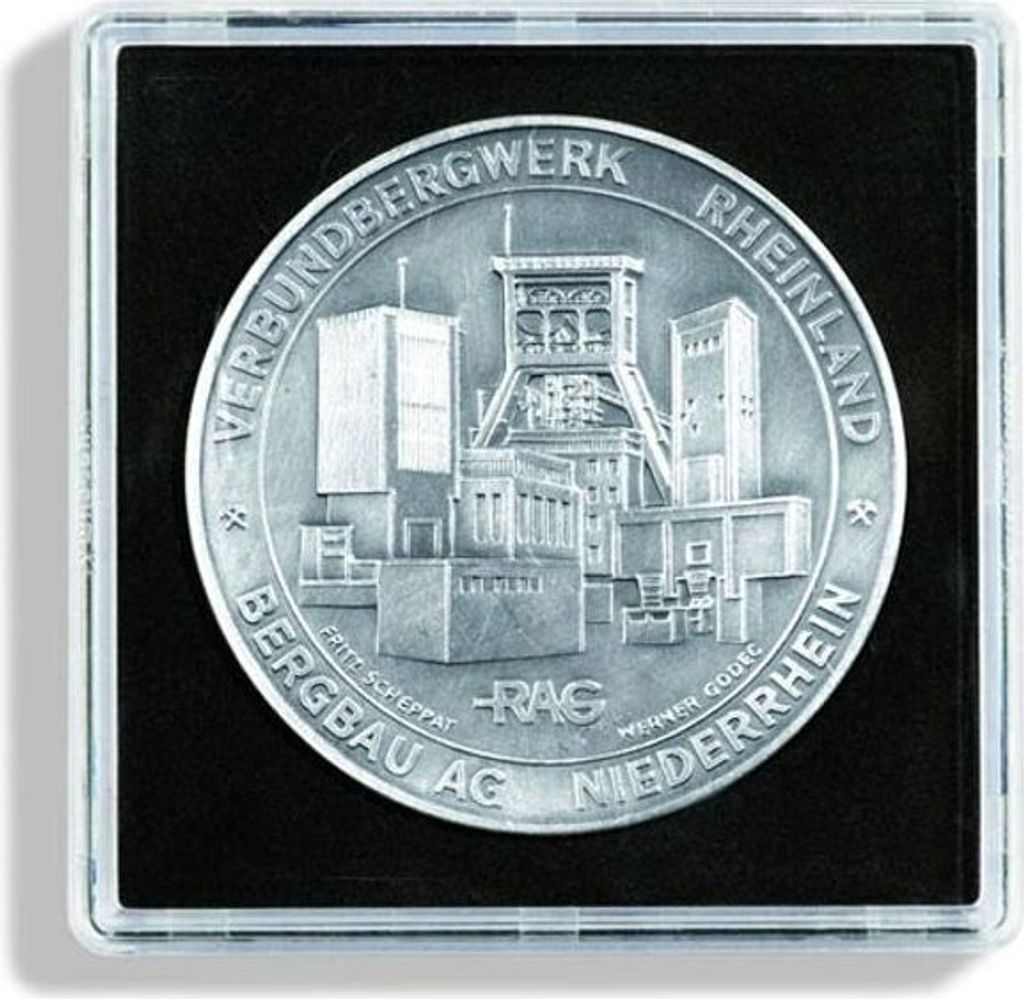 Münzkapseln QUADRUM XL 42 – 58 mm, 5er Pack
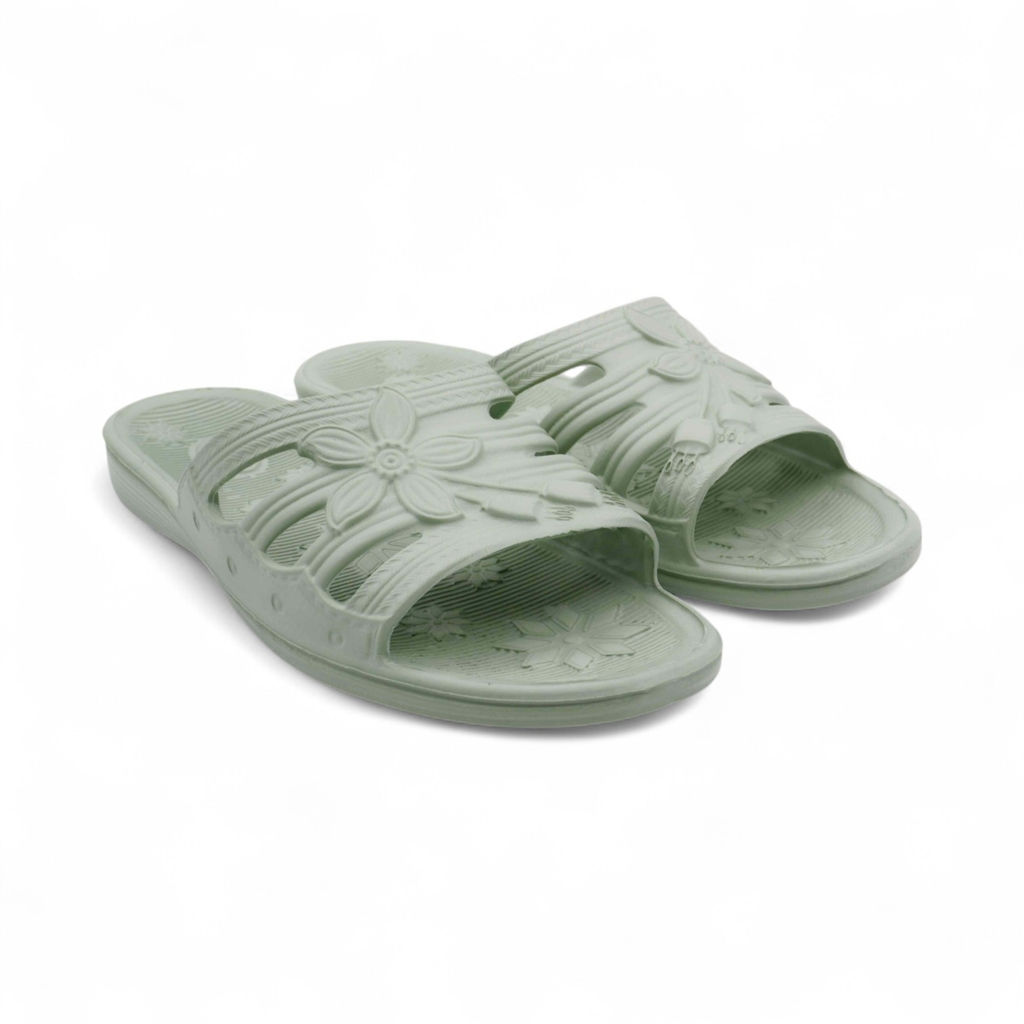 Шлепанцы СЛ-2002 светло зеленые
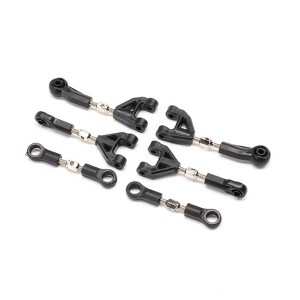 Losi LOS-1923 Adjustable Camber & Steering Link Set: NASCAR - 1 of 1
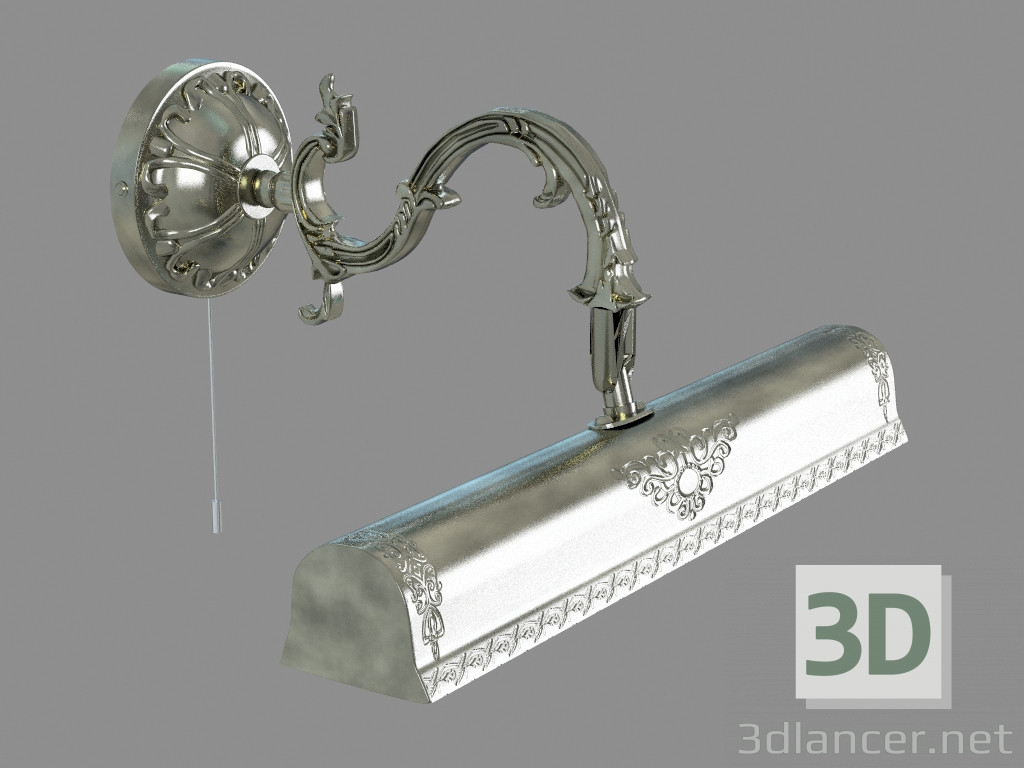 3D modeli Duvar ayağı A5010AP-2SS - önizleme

================

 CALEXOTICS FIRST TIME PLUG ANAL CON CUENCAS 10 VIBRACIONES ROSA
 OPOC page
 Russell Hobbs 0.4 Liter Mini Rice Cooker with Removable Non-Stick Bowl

================

WHAT YOU NEED TO DO:
In the material above, the stretch from the line with "Münzkapseln QUADRUM XL 42 – 58 mm, 5er Pack" through the line with "3D modeli Duvar ayağı A5010AP-2SS - önizleme" is to be given again exactly, minus the pictures.

SOLUTION BELOW:
 Münzkapseln QUADRUM XL 42 – 58 mm, 5er Pack
 Шлепанцы СЛ-2002 светло зеленые
 Losi LOS-1923 Adjustable Camber & Steering Link Set: NASCAR - 1 of 1
 3D modeli Duvar ayağı A5010AP-2SS - önizleme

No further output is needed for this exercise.